The psychedelia really emerges on “Pluto – Sept. 31st,” co-written by Gibbons and producer Steve Ames. The 5:12 track is sort of a two-part affair. The first section reminds me a bit of “Stone Free,” while the second, organ dominated segment is fairly trippy. But the serious psychedelia comes in the final two tracks, “Eclipse” (3:37) and “Reclipse” (2:31). These amount to basically one six-minute freak out. They are as wild as anything released that year. One thing is certain, anyone hearing this stuff would certainly know that there was as much “mind-expansion” going on in the Lone Star state as there was the Haight.
All too often, the reason that a band’s leftover material remained in the vault for decades was because it wasn’t very good. In the case of the Moving Sidewalks though, the reason was much more prosaic: record company greed. Until now, the way to hear the first two Moving Sidewalks singles was to get the extremely rare original 45s. Wand Records held on to the rights to them with an iron fist.
The Sidewalks’ first single was the previously mentioned “99th Floor.” It was released in February 1967 on the Tantara label, then re-released by Sceptor/Wand later that year. The B-side was “What Are You Going To Do?” another radio-friendly Billy Gibbons tune. The second Moving Sidewalks single was “Need Me” b/w “Every Night a New Surprise,” also released in ‘67 by Wand.
The bonus CD includes those singles, plus alternate, unreleased versions of them. There are numerous other oddities here as well, including the excellent previously unreleased instrumental “Headin’ Out,” which like Flash’s “Joe Blues” is credited to all four members of the band. It is another bloozy wonder, quite possibly the result of an in-studio jam.
The weirdest of the weird has to be “I Wanna Hold Your Hand.” Three versions of it are probably two too many, but what the hell, it is pretty wild. Imagine Blue Cheer cranking their amps up not to 11, but to 12, and tackling the mop-tops’ first American hit and you’ll get some idea of what this crazed track is all about.
The final five tunes are from The Coachmen, who were Gibbons’ band prior to the Moving Sidewalks. The Coachmen songs break down to three takes of “Stay Away” and two of “99th Floor.” All five were recorded during sessions in 1966.
There is a lot of material here, and this whole set was obviously a labor of love. It is great, on many levels, and really brings the phenomenon that ZZ Top later became into perspective. One can see exactly where Billy Gibbons began, and how he progressed as a musician, beginning all the way back in 1966.

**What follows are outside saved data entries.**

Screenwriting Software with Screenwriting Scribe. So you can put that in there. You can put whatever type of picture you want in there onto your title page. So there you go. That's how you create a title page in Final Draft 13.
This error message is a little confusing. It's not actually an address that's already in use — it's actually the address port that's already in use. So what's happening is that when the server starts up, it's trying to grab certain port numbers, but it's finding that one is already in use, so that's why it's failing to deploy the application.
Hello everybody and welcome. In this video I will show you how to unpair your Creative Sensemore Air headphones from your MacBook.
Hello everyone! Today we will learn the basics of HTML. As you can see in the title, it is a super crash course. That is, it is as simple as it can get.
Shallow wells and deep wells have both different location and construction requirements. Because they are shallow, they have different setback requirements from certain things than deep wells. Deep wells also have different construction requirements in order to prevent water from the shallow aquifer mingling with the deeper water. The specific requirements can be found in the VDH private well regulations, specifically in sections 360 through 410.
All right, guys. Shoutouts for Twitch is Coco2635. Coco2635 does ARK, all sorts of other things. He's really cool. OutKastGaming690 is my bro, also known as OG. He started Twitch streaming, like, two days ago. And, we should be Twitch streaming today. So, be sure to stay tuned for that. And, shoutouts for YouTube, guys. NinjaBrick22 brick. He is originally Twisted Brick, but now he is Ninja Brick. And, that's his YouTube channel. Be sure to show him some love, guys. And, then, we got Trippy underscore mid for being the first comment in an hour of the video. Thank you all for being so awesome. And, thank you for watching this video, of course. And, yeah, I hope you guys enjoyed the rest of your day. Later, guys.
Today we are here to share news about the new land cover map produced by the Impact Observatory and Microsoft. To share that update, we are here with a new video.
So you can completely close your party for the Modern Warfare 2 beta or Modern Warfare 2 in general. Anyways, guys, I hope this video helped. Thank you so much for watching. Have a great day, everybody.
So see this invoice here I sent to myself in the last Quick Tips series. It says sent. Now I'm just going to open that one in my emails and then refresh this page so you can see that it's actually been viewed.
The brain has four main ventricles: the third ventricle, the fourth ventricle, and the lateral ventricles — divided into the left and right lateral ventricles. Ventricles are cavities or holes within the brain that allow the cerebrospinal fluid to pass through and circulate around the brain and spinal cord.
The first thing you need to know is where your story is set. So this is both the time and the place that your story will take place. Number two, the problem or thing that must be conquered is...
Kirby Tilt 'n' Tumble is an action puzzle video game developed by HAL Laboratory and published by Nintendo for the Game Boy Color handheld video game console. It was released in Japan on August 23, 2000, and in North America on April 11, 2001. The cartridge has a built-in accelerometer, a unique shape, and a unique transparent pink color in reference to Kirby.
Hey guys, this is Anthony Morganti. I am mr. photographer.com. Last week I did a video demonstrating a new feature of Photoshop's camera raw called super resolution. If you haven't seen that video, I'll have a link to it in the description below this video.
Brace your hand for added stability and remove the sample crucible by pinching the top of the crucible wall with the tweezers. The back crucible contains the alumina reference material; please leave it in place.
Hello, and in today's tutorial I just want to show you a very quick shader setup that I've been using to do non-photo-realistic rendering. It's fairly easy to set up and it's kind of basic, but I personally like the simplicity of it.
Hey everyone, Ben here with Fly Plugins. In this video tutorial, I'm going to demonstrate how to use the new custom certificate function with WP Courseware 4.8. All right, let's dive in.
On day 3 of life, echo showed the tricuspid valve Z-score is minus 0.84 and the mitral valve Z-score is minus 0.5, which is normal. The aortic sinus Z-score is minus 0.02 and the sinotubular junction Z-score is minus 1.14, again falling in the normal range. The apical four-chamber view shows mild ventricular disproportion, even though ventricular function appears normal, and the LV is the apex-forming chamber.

This Moving Sidewalks collection educated me in a completely unexpected way. I thought I was “just” going to hear a record I had long wanted to hear. But it very effectively presents the career of Billy Gibbons as a musician who I have much more respect for now than I did before.
Almost as significant as the music is the 56-page booklet. Bill Bentley takes the long look, with a highly inclusive look at the music scene of Texas. He goes all the way back to bluesman Blind Lemon Jefferson in the 1920s, and traces the music up to the Moving Sidewalks and beyond. The Complete Collection really is as good as it gets when it comes to definitive compilations of obscure bands.